# Cub Cadet M60 Tank RPM's dropping when engaging deck



## mdmuss1968

I have a Cub Cadet M60 Tank, which use to run great. Now when mowing both tall and short grass the RPM's drop when engaging deck. It happens very randomly. Sometimes I can mow for hours before it happens other times as soon as I start mowing. Other times not at all. The RPM's just drop off, the deck is still engaged and blades are spinning but it has no power. Wont climb a hill, even after disengaging blades. If I let it sit for a minute or two the RPM's go back up, but as soon as I engage the deck again they drop back off.
I am at a loss... anyone have this issue with their M60 Tank? 

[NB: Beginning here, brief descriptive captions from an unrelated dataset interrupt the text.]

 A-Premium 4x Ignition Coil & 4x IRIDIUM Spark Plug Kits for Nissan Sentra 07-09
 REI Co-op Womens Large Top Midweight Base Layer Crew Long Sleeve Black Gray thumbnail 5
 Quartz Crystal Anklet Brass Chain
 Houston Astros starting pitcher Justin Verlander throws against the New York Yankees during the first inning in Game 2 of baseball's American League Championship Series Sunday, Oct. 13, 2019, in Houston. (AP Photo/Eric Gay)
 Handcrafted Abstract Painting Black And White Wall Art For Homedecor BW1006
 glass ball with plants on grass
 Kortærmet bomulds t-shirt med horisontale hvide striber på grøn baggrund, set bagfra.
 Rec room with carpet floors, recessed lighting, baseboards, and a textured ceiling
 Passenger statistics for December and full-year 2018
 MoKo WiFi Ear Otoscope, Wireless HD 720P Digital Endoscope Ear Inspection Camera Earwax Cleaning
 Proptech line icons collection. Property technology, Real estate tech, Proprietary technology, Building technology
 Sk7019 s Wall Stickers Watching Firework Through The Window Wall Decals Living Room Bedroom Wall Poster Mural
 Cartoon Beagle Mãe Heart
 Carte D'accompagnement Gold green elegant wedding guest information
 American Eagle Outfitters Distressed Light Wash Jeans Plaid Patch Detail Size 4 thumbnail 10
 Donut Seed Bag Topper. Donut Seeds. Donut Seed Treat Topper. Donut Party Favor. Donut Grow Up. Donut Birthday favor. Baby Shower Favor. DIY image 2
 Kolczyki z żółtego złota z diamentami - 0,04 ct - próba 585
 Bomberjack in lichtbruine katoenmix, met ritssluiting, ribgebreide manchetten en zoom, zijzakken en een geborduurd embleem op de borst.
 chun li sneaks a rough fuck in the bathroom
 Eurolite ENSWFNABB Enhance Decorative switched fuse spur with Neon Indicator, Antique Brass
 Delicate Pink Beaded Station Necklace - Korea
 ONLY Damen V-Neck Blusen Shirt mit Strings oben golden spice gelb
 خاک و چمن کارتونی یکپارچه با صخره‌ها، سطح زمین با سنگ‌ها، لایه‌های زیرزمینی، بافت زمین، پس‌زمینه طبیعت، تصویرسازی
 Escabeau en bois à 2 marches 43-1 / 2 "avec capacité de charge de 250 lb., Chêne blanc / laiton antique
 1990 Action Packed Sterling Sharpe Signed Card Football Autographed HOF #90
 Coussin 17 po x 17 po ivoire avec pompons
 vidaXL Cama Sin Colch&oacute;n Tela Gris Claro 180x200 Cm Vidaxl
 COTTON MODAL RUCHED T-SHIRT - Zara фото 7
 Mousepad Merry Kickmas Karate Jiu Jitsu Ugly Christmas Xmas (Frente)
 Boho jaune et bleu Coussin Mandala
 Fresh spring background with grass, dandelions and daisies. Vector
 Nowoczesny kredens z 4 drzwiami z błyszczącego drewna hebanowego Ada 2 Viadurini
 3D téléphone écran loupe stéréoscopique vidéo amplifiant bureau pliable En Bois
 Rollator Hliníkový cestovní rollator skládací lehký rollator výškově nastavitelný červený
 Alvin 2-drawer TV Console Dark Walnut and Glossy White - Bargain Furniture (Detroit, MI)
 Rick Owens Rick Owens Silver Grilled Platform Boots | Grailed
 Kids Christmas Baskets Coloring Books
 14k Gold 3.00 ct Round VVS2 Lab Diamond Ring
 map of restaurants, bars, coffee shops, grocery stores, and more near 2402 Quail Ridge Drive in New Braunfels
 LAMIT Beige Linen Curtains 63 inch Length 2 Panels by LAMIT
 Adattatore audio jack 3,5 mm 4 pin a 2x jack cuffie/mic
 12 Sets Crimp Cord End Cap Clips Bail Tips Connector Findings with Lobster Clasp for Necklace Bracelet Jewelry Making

Thanks in advance for any suggestions!


----------



## jhngardner367

It sounds as if there may be a problem with the PTO,or the drive.
You may have a PTO that is shorting,or a belt,pulley,or idler seizing up.


----------



## mdmuss1968

Thanks for the quick response, any other ideas would be appreciate, just trying to trouble shoot this inconsistent behavior...


----------



## DeltaEliteMan

I have a similar problem. But mine happens when I'm simply mowing along and my M60 drops to half power. Then, after a while, BAM! It's like someone flicks a switch and all the power comes back. No idea what the heck is going on.
Sometimes it will be at half power for 10 minutes other times it will stay like that for an hour.
Absolutely driving me crazy.
PLEASE HELP!


----------



## jhngardner367

Ok, try wiggling the wire harness at the connector for the engine wires,or check the connections to the ignition switch. Either of these can cause it.


----------



## DeltaEliteMan

I know where the ignition switch is but where exactly does the wiring harness to the engine connect? All the connections are hidden on this thing!


----------



## DeltaEliteMan

Tried disconnecting and reconnecting the ignition switch plug and it did not do anything. Same thing. Half power.


----------



## mdmuss1968

this is the same problem I am having.
put it away the other night RPM's were at 3690 got it out last night tomorrow rpms are not show on gage half power took an hour for rpms to hit 3600. mode not stop at max rpm for almost 2 hours when to put it away rpms when I come back up again


----------



## mdmuss1968

*Update:*

OK went out to mow this morning mower never got up to 3600 RPM nor did it show any RPM's at all on the meter. Made one pass around my 1 acre field and the deck just stop! Belts are fine, all pulleys moving freely, but deck will not engage. So I was thinking PTO engage switch went bad, or came disconnected, so I took off the control panel. Cannot tell either way, but it has me wondering about the switch, and the relay under that panel. My relay was hust flopping around loose in there are neither the relay or the PTO enagage switch have a very firm connection... Does anyone know what this relay is actually for?
Manual just shows "Relay 12V 40A
Funny thing is that now my meter shows constant RPM's at go to 3690 consistently...

Any thoughts?


----------



## jhngardner367

Just got off the Cub Cadet complaint site.
It seems the Tank series has been plagued with problems from day 1 !
MTD,the owners of Cub Cadet,are NOT offering any help to customers.


----------



## mdmuss1968

I found that the wire harness at the clutch under the mower has a bad connection and also the bolt on the clutch that stops it from spinning wad sheared off and the eyelet on the clutch were the bolt goes through is gone completely wallowed out...


----------



## jhngardner367

Yeah, some of the posters on the complaint sight,had the same types of problems.
The 48,and 72 are also giving problems.


----------



## mdmuss1968

Put a longer bolt in the clutch plate bracket to stop it from spinning hole is still all wallowed out just going to see how long it lasts as far as a wire harness goes I have done nothing with it but I plan to reroute it so it is not dangling and getting caught on tall weeds and grass I know that is the problem because my mower quit last time I used it soon as I went over to over a large thistle in my field. Very light duty design on Cub Cadets part for a commercial mower as far as I'm concerned...


----------



## Fredneck

marketing motives aside, it sounds to me like "TANK" was not the most accurate choice for a model name.


----------